Solving the problem of too much TV.

At last I can watch something that I want to watch, not that somebody else wants me to watch to sell me something. blog.mindrocketnow.com

A few months back, I wrote about the fundamental problems of TV that had yet to be solved. I wrote about the explosion of choice paradoxically leading to a short tail of content actually chosen. I wrote about how more interactivity led to poorer engagement with the devices. And I wrote about how increasingly sophisticated devices led to a complex and less reliable viewing environment.

However, one company recently has made a very interesting attempt at solving the problem of what to watch next. The BBC's announcement last month of the next version of its online services is quite a significant signpost.

Traditional radio is the most beloved content curation paradigm. DJs are taste arbiters. They decide what you’re going to listen to next, and the good ones will surprise you with songs that you didn’t know you liked yet. And because getting you to listen is worth money, the DJ becomes the gatekeeper to this revenue stream.

Where there’s money, there are people wanting to make more money, which is why we’ve gone from personal tastes that we can identify with, to corporate playlists that reflect corporate agreements. (And on the flip side, there is also an emergence of social responsibility in playlists; e.g. FGTH's Relax being banned from Radio 1, quite rightly in my opinion, so it’s not all bad).

Playlister is a new paradigm in content discovery. It combines curated playlists (by DJs that we can identify with) with personalisation (user has to select which tracks to acquire). Since the DJ represents the corporation, songs are still selected from playlists, but what you listen to is in collaboration with your chosen taste arbiter.

There is an inherent limit to how the BBC can tailor its broadcast content to its viewers. Even with 8 domestic and many more international channels, there is a limit to number of simultaneous channels (well, 8), and therefore simultaneous demographics that can be entertained.

Online delivery removes that limitation; each iPlayer user can select their own content. If we combine this with the Playlister approach, each iPlayer user can now have their own channel.

This has been tried before, with analytics providing a suggestion for your next programme using the “people like you also like” approach. But using a TV DJ, a TV taste arbiter, to curate content has an increased likelihood of the next programme actually being one you want to watch.

The money is there to be made. iPlayer 30 day catch-up fulfils the public service obligation, iPlayer download-to-own / link to BBC section of the iTunes store fulfils commercial obligation to make money.

This will only work because the BBC has a brand that is globally renown, and a legacy of content that is the envy of all broadcasters.
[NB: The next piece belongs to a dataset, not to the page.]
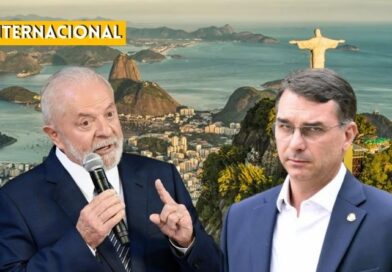 Flávio Bolsonaro supera a Lula y Brasil definirá a su próximo presidente en segunda vuelta Flávio Bolsonaro supera a Lula y Brasil definirá a su próximo presidente en segunda vuelta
This approach won't work for all content producers. They will have to club together to achieve the global reach and globally-relevant catalogue.


There are two problems with TV: 1. Finding what to watch, and 2. Engaging appropriately with the TV. BBC's iPlayer 3.0 + Playlister solves the first. But it still relies upon old PC engagement paradigms for working the iPlayer application, which is the great hindrance to it achieving greatness.